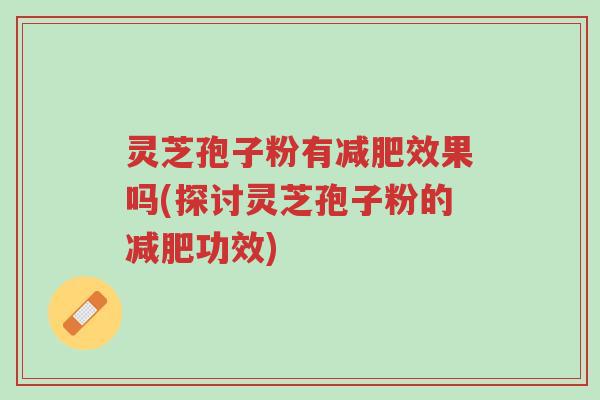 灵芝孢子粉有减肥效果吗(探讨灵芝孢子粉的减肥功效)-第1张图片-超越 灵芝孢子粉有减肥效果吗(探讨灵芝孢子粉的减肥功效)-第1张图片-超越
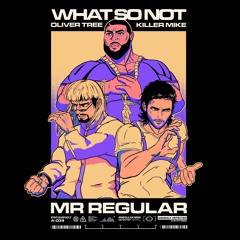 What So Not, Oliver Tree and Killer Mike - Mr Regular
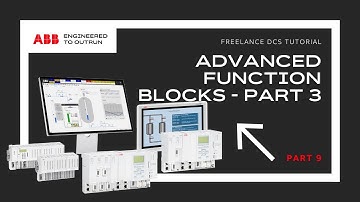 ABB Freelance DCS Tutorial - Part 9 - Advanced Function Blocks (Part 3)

※

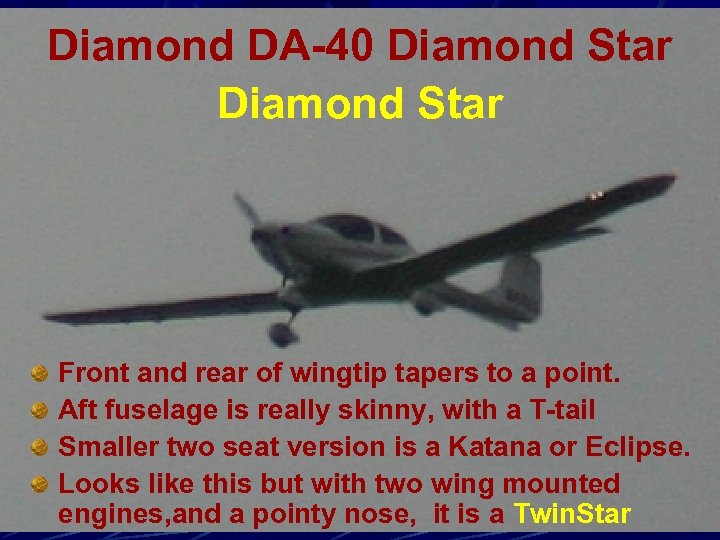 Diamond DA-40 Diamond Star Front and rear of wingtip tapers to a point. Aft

※

▶ [AIM OF THE TASK]:
The copy should hold only the lines from the one with "What So Not, Oliver" through the one with "ABB Freelance DCS", exactly as they stand above. Leave out the pictures.

▶ [RESPONSE BOX]:
 What So Not, Oliver Tree and Killer Mike - Mr Regular
 ABB Freelance DCS Tutorial - Part 9 - Advanced Function Blocks (Part 3)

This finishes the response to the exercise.